7.3  Use Of ETRN to release mail for a subdomain or queue

     If the requesting server wishes to release all of the mail for
   a given subdomain, a variation on the ETRN command can be used.
   To perform this request, the option character '@' should be used
   in front of the node name.  In this manner, any domain names that
   are formed with a suffix of the specified node name are released.

     For example, if the command ETRN @foo.com was issued, then any
   accumulated mail for fred.foo.com, a.b.c.d.e.f.g.foo.com or foo.com
   may be released.  It should be noted that the receiving side of the
   ETRN command should make a decision based on the client in question
   and only allow certain combinations for each of the nodes.  This is
   more of a security issue than anything else.

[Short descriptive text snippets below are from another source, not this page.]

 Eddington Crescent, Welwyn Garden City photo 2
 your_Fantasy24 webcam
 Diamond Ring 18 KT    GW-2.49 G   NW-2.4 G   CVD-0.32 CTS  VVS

     In a similar vein, it might be necessary under some circumstances
   to release a certain queue, where that queue does not correspond to
   a given domain name.  To this end, the option character '#' can be
   used to force the processing of a given queue.  In this case, the
   node name would be used as a queue name instead, and its syntactical
   structure would be dependant on the receiving server.  An example of
   this would be using the command ETRN #uucp to force the flush of a
   UUCP queue.  Note that the use of this option is entirely a local
   matter and there is no way for a client to find a list of any such
   queues that exist.


8.  Minimal usage

      A "minimal" client may use this extension with its host name to
   start the queues on the server host.  This minimal usage will not
   handle cases where mail for 'x.y' is sent to 's.x.y'.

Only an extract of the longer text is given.